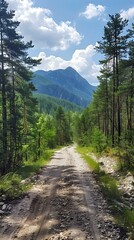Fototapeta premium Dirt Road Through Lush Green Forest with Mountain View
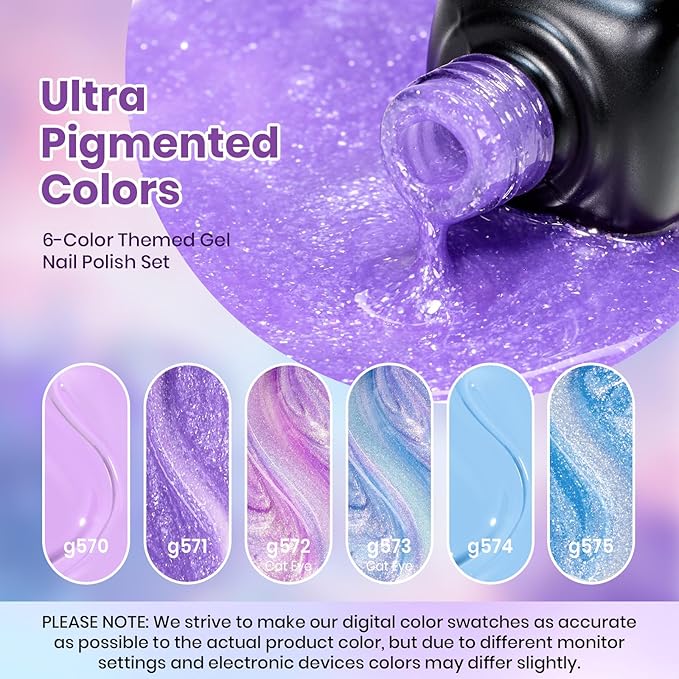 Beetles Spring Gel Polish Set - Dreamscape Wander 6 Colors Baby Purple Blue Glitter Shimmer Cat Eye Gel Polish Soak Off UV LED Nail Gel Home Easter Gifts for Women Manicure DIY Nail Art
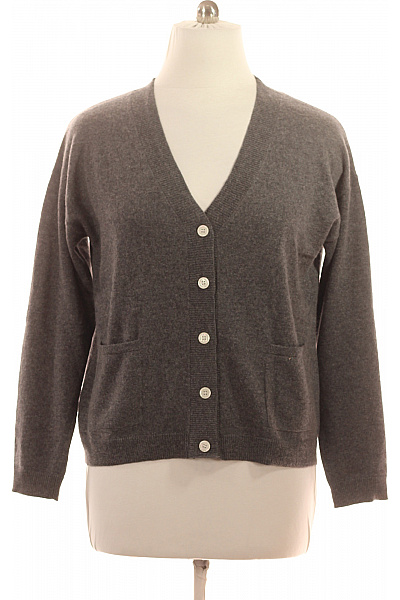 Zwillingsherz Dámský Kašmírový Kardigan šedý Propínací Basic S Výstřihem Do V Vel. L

* Your objective: Your task is to retype, exactly and only, the lines from the line holding "Beetles Spring Gel" through the final line of the data above, with both ends kept. Drop the pictures.

* Response below:
 Beetles Spring Gel Polish Set - Dreamscape Wander 6 Colors Baby Purple Blue Glitter Shimmer Cat Eye Gel Polish Soak Off UV LED Nail Gel Home Easter Gifts for Women Manicure DIY Nail Art
 Zwillingsherz Dámský Kašmírový Kardigan šedý Propínací Basic S Výstřihem Do V Vel. L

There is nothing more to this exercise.